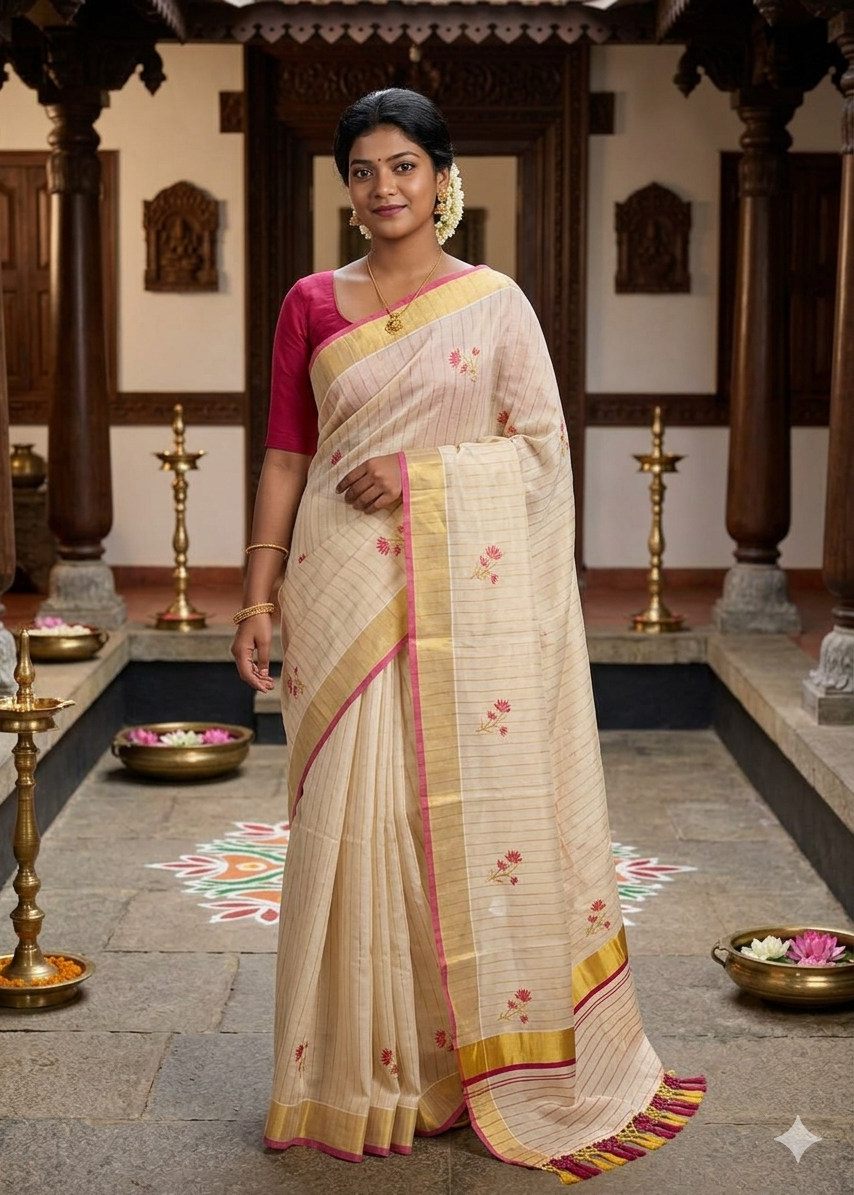 Kerala Tissue Saree With Pink Floral Embroidery Design SL249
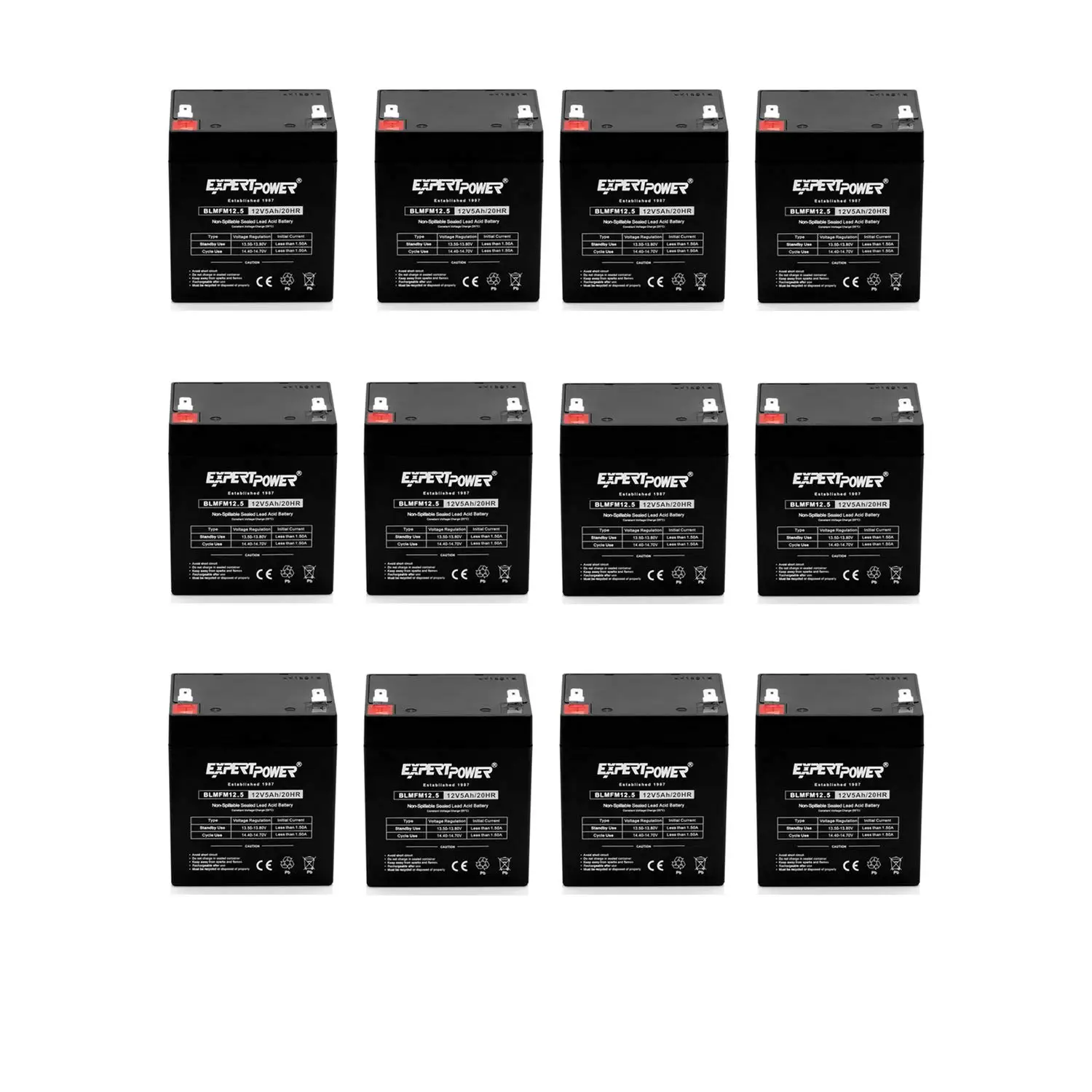 12V 5Ah Rechargeable SLA Battery Backup for Security System UPS Garage Door Opener Fire Alarm, 12 Pack, Customized
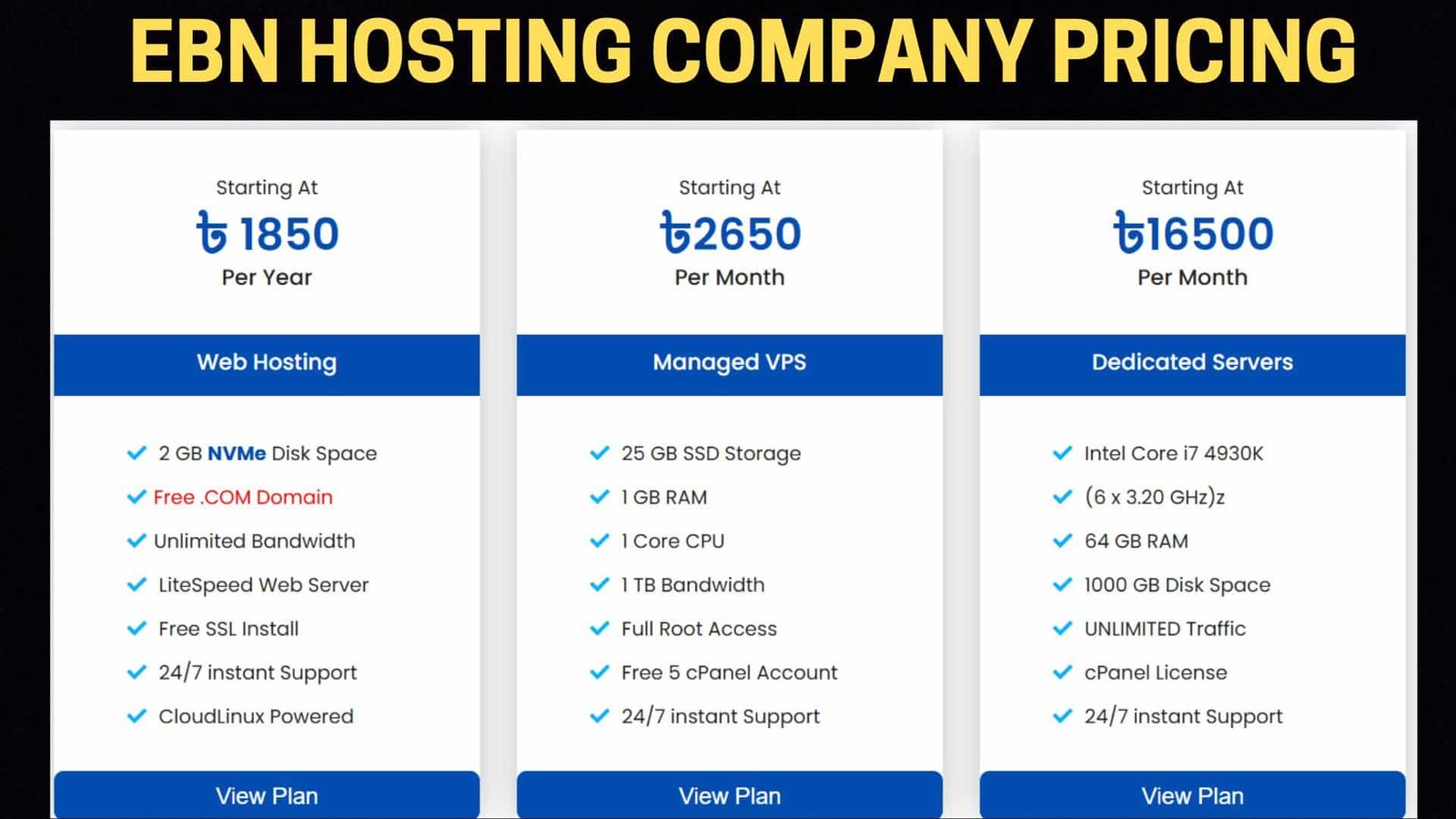 EBN HOSTING COMPANY 3 DIFFERENT TYPES OF PRICING LIST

━━━━━━━━━━━━━━━━

*Description of the task*: Keeping pictures out, repeat exactly the lines from the one containing "12V 5Ah Rechargeable" through the end of the listing.

*Reply*:
 12V 5Ah Rechargeable SLA Battery Backup for Security System UPS Garage Door Opener Fire Alarm, 12 Pack, Customized
 EBN HOSTING COMPANY 3 DIFFERENT TYPES OF PRICING LIST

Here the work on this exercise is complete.